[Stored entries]
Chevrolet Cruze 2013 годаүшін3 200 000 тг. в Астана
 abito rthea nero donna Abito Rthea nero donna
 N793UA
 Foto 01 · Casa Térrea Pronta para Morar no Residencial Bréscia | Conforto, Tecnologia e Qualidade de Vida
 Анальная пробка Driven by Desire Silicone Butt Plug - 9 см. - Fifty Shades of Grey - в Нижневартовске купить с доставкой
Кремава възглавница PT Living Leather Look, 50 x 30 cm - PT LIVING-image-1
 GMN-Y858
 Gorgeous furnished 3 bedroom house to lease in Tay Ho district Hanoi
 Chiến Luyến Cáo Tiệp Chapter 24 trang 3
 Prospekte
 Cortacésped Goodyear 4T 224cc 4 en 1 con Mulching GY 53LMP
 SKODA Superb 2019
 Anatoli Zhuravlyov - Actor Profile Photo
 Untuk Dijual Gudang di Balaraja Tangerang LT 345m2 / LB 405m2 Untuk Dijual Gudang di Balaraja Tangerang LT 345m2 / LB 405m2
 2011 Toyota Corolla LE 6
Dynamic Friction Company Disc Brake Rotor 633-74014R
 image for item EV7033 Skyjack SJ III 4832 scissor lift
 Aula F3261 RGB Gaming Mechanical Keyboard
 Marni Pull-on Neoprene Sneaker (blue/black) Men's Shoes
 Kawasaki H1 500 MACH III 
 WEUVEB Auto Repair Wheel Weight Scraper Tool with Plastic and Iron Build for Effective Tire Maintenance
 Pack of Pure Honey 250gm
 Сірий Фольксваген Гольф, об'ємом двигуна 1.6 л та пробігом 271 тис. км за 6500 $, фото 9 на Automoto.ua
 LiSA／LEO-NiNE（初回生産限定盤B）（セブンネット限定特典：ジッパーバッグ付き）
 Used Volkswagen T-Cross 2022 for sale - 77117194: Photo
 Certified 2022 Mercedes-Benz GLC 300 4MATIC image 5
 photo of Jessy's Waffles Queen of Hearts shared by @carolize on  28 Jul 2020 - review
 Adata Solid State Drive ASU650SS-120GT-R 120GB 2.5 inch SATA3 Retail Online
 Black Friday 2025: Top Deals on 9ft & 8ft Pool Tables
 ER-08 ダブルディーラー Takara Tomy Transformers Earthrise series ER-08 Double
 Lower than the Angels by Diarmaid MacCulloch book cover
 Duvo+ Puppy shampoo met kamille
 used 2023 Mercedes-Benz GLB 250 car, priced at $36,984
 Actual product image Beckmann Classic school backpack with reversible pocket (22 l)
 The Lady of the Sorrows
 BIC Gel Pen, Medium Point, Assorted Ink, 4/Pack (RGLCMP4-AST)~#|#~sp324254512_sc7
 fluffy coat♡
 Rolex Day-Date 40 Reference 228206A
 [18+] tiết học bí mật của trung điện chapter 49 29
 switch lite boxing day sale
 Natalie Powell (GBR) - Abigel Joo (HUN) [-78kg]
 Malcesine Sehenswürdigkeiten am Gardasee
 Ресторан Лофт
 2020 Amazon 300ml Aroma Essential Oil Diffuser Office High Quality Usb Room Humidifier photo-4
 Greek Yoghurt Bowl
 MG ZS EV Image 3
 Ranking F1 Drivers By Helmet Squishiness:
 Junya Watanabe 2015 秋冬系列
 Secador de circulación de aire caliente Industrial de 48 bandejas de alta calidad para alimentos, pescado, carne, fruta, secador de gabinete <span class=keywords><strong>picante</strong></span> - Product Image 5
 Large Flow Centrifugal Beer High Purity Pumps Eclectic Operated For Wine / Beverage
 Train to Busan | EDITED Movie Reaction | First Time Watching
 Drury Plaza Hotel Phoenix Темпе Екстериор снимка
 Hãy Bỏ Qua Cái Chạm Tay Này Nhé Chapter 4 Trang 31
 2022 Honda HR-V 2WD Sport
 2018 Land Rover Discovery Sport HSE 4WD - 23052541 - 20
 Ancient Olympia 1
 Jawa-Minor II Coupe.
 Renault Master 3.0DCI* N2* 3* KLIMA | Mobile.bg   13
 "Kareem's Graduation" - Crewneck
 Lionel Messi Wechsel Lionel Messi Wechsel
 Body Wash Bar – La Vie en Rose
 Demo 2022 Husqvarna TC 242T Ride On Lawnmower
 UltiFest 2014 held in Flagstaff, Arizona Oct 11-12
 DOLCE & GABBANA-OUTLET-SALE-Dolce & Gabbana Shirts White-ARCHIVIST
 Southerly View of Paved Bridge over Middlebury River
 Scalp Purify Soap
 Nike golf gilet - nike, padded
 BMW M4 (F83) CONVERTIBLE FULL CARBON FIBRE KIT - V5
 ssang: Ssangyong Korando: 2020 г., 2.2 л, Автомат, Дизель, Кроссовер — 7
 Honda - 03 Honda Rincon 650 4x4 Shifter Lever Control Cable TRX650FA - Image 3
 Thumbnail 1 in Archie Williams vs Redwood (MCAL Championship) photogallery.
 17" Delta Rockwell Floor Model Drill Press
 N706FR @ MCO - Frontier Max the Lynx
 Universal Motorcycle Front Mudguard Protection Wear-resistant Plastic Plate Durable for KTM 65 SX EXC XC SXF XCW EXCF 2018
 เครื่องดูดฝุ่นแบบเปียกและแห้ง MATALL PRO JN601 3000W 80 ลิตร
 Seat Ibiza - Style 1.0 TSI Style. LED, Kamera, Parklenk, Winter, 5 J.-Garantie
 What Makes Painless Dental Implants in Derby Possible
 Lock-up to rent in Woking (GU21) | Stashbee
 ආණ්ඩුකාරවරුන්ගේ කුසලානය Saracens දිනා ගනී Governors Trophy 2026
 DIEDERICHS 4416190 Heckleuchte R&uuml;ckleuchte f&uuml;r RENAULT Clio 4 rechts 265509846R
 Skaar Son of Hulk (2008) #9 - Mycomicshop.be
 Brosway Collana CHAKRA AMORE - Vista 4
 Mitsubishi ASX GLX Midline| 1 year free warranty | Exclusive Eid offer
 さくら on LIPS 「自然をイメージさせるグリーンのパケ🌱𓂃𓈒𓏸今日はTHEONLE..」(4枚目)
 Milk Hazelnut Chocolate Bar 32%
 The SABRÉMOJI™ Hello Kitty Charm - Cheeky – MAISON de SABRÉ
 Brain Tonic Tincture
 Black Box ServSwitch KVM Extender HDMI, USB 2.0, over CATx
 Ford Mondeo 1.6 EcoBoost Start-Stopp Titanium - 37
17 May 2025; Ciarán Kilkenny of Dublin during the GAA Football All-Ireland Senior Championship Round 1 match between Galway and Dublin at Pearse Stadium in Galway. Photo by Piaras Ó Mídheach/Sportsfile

● EXERCISE GOAL:
Using the data above, reproduce exactly the lines between those holding "DOLCE & GABBANA-OUTLET-SALE-Dolce" and "ssang: Ssangyong Korando: 2020", inclusive, and no others.

● ANSWER TO THIS TASK:
 DOLCE & GABBANA-OUTLET-SALE-Dolce & Gabbana Shirts White-ARCHIVIST
 Southerly View of Paved Bridge over Middlebury River
 Scalp Purify Soap
 Nike golf gilet - nike, padded
 BMW M4 (F83) CONVERTIBLE FULL CARBON FIBRE KIT - V5
 ssang: Ssangyong Korando: 2020 г., 2.2 л, Автомат, Дизель, Кроссовер — 7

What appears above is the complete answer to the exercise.